Their speeches are, to varying degrees, apocalyptic. As they pour wine, order pizza and play video games, O’Neill describes his life as a sniper, seemingly for some kind of autocratic regime, picking out protestors from the crowd; he knows he’s going to go ahead with the shot, but some element of sympathy for what his target believes in makes him decide to shoot her in the heart rather than the head, to leave a good-looking corpse that can be a martyr for her cause. Meanwhile Duncan-Brewster’s monologue has more of a sci-fi tinge, as she narrates herself walking into her office like any other morning, only to find that her workmates are all holograms, only realising the truth because they’ve glitched, frozen and pixelated. Her story becomes an epic spanning time and multiple realities, before all coming back to the start again.
Both speeches take in the idea of the world being connected in invisible ways, with tiny moments we’re barely aware of having momentous consequences – most likely for the worse, all while we go on with our lives ignoring it all as best we can. Vicky Feathersone’s production underpins this with the extremes the characters talk about contrasting with the relaxed way they go about their evening – O’Neill and Duncan-Brewster do a great job of inhabiting both worlds at once.
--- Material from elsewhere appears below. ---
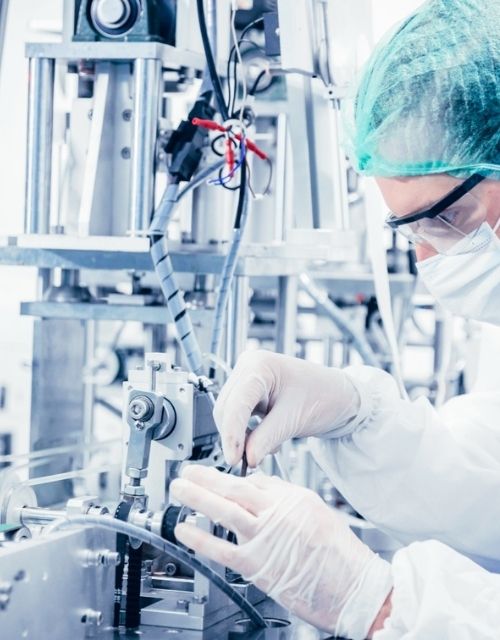 SERVICIO TECNICO. "Técnico especializado en una sala limpia, equipado con traje de protección estéril, gafas y guantes, realizando un ajuste de precisión en una máquina de una línea de producción farmacéutica o de dispositivos médicos.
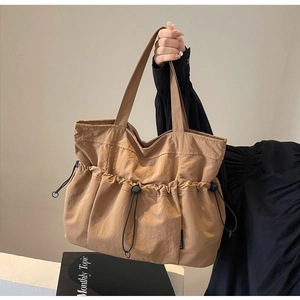 Detail of khaki pleated tote bag featuring a drawstring front pocket and durable nylon texture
At times the poetry of the speech is intriguing, but despite the theatre programming this and B on the same night, meaning many people will see both like I did, I’m not sure if that’s the best way to see Victory Condition: I think Guillermo Calderón’s play had already worn down my patience both for long speeches and the surreal, meaning Thorpe’s wilful obliqueness got me interested to start with but I got tired of it quite soon.
Victory Condition by Chris Thorpe is booking in repertory until the 21st of October at the Royal Court’s Jerwood Theatre Downstairs.
Running time: 55 minutes straight through.
Photo credit: Helen Murray.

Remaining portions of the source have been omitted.